Linear trends are statistically significant. 

The rates of increase per year are weirdly consistent for first and last author: 0.28 % for first authors and 0.31 % for last authors. For coauthors, is almost twice faster the incres: 0.556%

# when would seismology reach parity?

In [None]:
year_parity_first = (0.5 - intercept_1) / slope_1
print('Female and male first authorship will be equally likely in', year_parity_first - 2022, 'years')

year_parity_last = (0.5 - intercept_l) / slope_l
print('Female and male last authorship will be equally likely in', year_parity_last - 2022, 'years')

year_parity_co = (0.5 - intercept_co) / slope_co
print('Female and male coauthorship will be equally likely in', year_parity_co - 2022, 'years')

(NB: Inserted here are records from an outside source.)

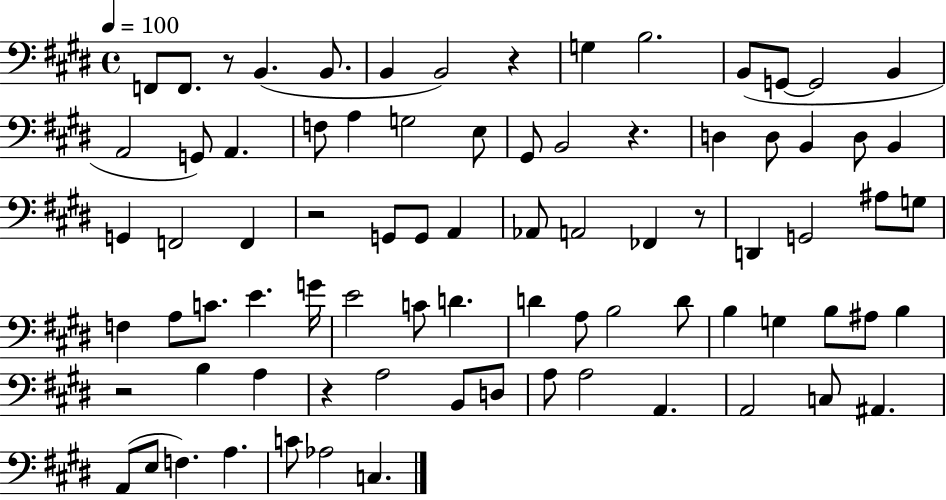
X:1
T:Untitled
M:4/4
L:1/4
K:E
F,,/2 F,,/2 z/2 B,, B,,/2 B,, B,,2 z G, B,2 B,,/2 G,,/2 G,,2 B,, A,,2 G,,/2 A,, F,/2 A, G,2 E,/2 ^G,,/2 B,,2 z D, D,/2 B,, D,/2 B,, G,, F,,2 F,, z2 G,,/2 G,,/2 A,, _A,,/2 A,,2 _F,, z/2 D,, G,,2 ^A,/2 G,/2 F, A,/2 C/2 E G/4 E2 C/2 D D A,/2 B,2 D/2 B, G, B,/2 ^A,/2 B, z2 B, A, z A,2 B,,/2 D,/2 A,/2 A,2 A,, A,,2 C,/2 ^A,, A,,/2 E,/2 F, A, C/2 _A,2 C,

year_parity_alf = (0.98 - intercept_alf) / slope_alf
print('Female coauthors will appear in all papers in', year_parity_alf - 2022, 'years')

year_parity_alm = (0.98 - intercept_alm) / slope_alm
print('Male coauthors will appear in all papers in', year_parity_alm - 2022, 'years')

In [None]:
year_parity_mix = (0.98 - intercept_mix) / slope_mix
print('Mixed-gender authors will appear in all papers in', year_parity_mix - 2022, 'years')

### Oh...in just about 75 - 95 years! 
While the rate of increase in last authorship is ever so slightly higher, the level of last authorships is lower to begin with, so to reach parity will take a bit longer.